By Abby Brownback and Shannon Hoffman
ANNAPOLIS – Turnout was low, but those casting ballots this week in two gubernatorial battleground counties were sure of what they want to see between now and November’s general election.
Education, the economy and clean campaigns topped most voters’ lists in Baltimore and Montgomery counties for an election season that pits Democratic Gov. Martin O’Malley against his Republican predecessor, Bob Ehrlich, for a second go-around.
“I want a campaign that’s not badmouthing each other,” said Angela Durry, a Baltimore County resident. “I want to know exactly what their plans are about the state, the economy.”
Durry, a clinical assistant professor of pediatric nursing at Towson University, said she worries that if O’Malley is not re-elected, the furloughs imposed at state universities could turn into layoffs.
Joseph Veneziani, a Montgomery County Democrat and an O’Malley supporter, said he too wants to see a fair campaign with no name-calling, but he will specifically look at where the candidates stand on economic and jobs issues and on topics that affect senior citizens.
Elsewhere in Montgomery County, Republicans like Jason Collins, 30, also will base their votes for governor on the candidates’ plans for job growth. Collins said cutting spending wouldn’t have to be such a priority if Marylanders could find jobs, thereby stimulating the economy and generating revenue for the state.
In Baltimore County, Douglas Riley, 62, disagreed. He wants to hear plans to decrease spending and firm stances against earmarks and pork barrel projects from the gubernatorial candidates. After years as a Democrat, Riley became a Republican 10 years ago and said he probably will vote for Ehrlich.
The economy is important to all voters, said Tim Magrath, a political science professor at Frostburg State University. From now until November, O’Malley and Ehrlich will debate about taxes, fees and the business climate in the state.
At issue will be the difference between taxes and fees.
“Ehrlich’s signature semantics has been to never use the t-word,” Magrath said of several fees – for car registration, for corporate filings, on homeowners to pay for upgrades to sewer systems – that were levied or increased during Ehrlich’s term as governor.
“O’Malley’s been saying it wasn’t fees; they were taxes, and they were raised in numerous ways,” Magrath said.
O’Malley also raised taxes during his term, Magrath said. The sales tax, the corporate income tax and others saw increases under O’Malley’s administration.
Magrath said the two also will spar over education, an issue that often drives voter turnout in tight elections. It brought Tami Stall, a teacher at the Baltimore-area Bais Yaakov School for Girls, to vote in Baltimore County.
Stall, 36, said great things happened for Maryland’s schools under Ehrlich’s administration, including the acquisition of new textbooks, and “we saw a huge difference with him not being governor.”
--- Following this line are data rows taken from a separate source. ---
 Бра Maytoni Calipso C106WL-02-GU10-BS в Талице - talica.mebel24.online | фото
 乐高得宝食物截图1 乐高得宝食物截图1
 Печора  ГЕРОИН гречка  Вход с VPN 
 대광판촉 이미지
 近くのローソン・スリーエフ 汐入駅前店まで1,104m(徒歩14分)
Others are concerned about the focus of the education system.
“I would like to learn that (the candidates) are more interested in the education of our young people than athletic facilities for the sports fanatics,” said Dan Kahan, a Montgomery County voter.
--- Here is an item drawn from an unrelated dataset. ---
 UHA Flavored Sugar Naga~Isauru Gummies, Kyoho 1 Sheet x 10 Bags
Raymond Ruffin, in Baltimore County, echoed Kahan’s sentiment, saying schools should aim for more technology-driven programs and fewer athletics.
O’Malley has been quick to tout the No. 1 ranking Maryland’s schools received in Education Week’s 2009 Quality Counts annual report, while Ehrlich highlights the charter school act he signed into law in 2003.
To address voter concerns about the economy and education, Ehrlich said Wednesday at a Maryland GOP press conference that he and running mate Mary Kane will release a roadmap for the state on Thursday. However, detailed proposals will come later in the campaign or after the election.
There will be similarities to his positions four years ago, Ehrlich said, but “different cycles have different issues.”
O’Malley has announced a school construction plan to continue building and innovating in Maryland schools, spokesman Rick Abbruzzese said, and the governor is drafting the next fiscal year’s budget, which will be introduced in January.
“Gov. O’Malley and Lt. Gov. Brown will be traveling around the state talking about the tough decisions we’ve made over the past four years to get our state through this national recession and to protect our priorities,” Abbruzzese said.